Confectioners vended dozens of regional specialties in the lobby
and in the orchestra pit. But by the time the movie was halfway
over, the grandfather dead, the drought passed, the granddaughter
disgraced with the apothecary’s son, half the bakers had been killed
in vendettas. The ones that survived formed a cartel and raised
their prices markedly. The water in the drinking fountains turned
yellow and many in the audience had their own hallucinated versions
of the school years of Yakov and Ilia, the lingering death of the
deaf stable hand, as they spent grueling months in the lavatory
retching into the sink and fouling the toilet with diarrhea. The
sound equipment suffered minor mechanical failures, so that whole
segments in the film were mimed, long conversations conveyed only
by glances and twitching cheeks. When the repairmen had thoroughly
overhauled the machines many in the audience insisted that the sound
was still not as clear as it had been before. The actors too seemed
stiff, they said, not as expressive as the heroes of the earlier
parts of the epic. However, those who had grown up during the latter
years of the film disagreed vehemently.
Outside the theater, only a few nomads moved over the rocky, sun-bitter soil.
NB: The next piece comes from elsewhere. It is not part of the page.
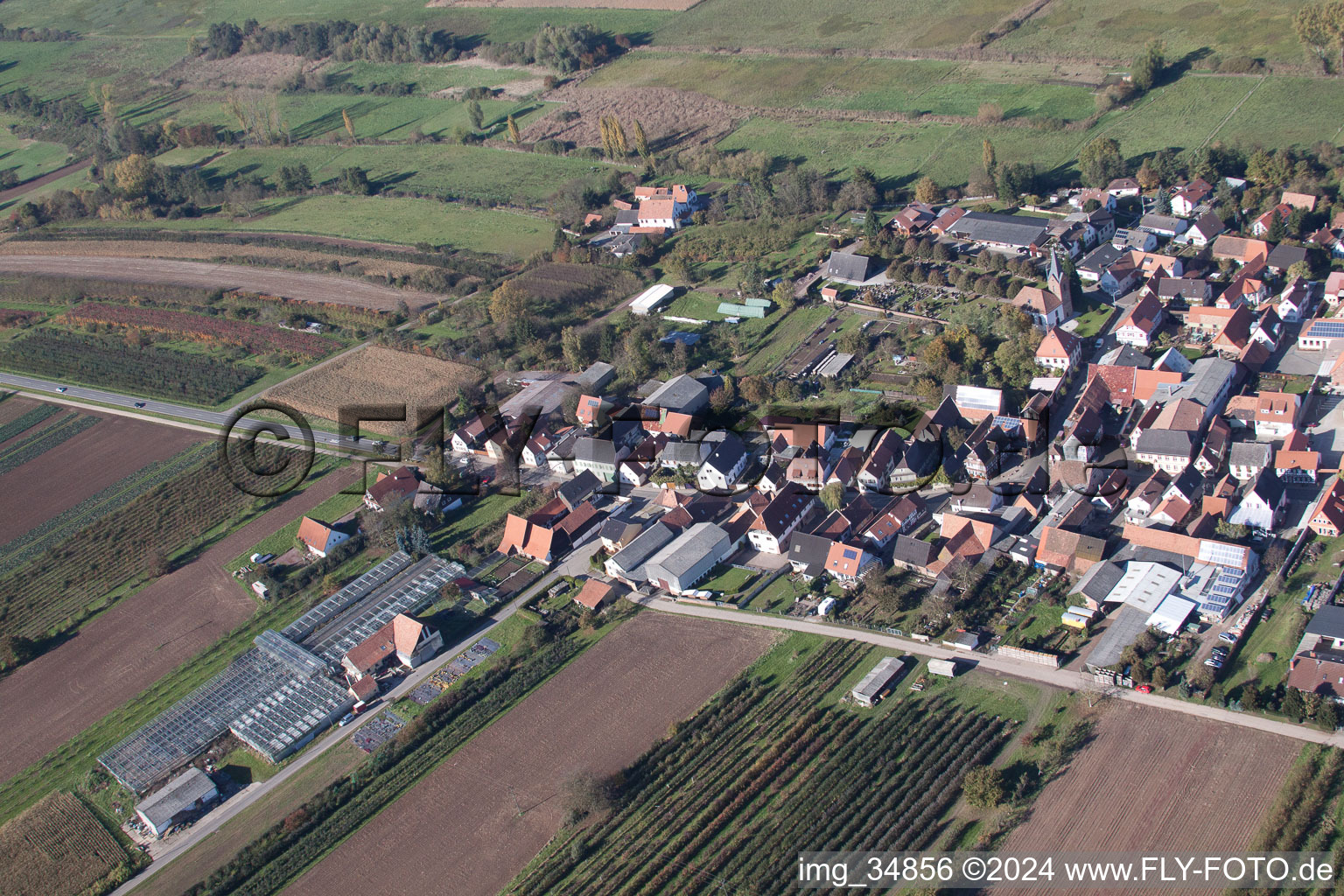 Luftaufnahme von Dorf - Ansicht am Rande von landwirtschaftlichen Feldern und Nutzflächen in Winden im Bundesland Rheinland-Pfalz, Deutschland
Trucks brought food from far away, though supply routes were interrupted
by the war in Pakistan, which spread west and south until it abruptly
ceased. Sometimes busloads of tourists from Berlin came to stay
at the Amagran Hilton. They watched the movie for several days,
making notes on pads with special lighted pens. A few came alone
in summer. One became obsessed with a woman in the audience, a widow
with an austere profile. Although they had much in common, she rejected
him and fled to the very back row of the theater, where he could
not sit behind her and observe her. The men in the back row were
very rough and gave her a lewd nickname for having slept with the
foreigner. She protested that all she had done was lay her head
on his shoulder.
At the end of a hundred years, the film closed at last on the rubble
of the textile factory, burned in the Revolution. The camera studied
the bleary face of the drunken grandson and the pinched cheeks of
the orphaned, illegitimate heiress Constantina. The audience hobbled
out into Amagra’s dusty streets. Strangers peered at them from the
tables of the cafe across from the theater. They were refugees who
had settled in some time ago, bringing with them acrid buttered
tea and peculiar red hats. They lived in all the houses now and
ran all the shops. None of the Amagrans could remember how to manufacture
so much as an umbrella or a chain link fence. They had forgotten
how to set a table for dinner, and how to make up a bed. Moreover,
the world looked small and wrinkled, even as it stretched to the
horizon, unbounded by the edges of the screen. It had nothing to
do with them. The light stung them. They looked around stupefied,
even their own hands alien, the skin so pale, opaque, and meaningless.
An old woman looked down at a Daddy-long-legs crawling along a crack
in the cement. She studied its legs carrying the little spot of
body along. But truly it was going nowhere, it symbolized nothing,
it stood for no character or characteristic. It was not greed or
guilt, wilderness or ambiguity. It was a spider. The Amagrans cried.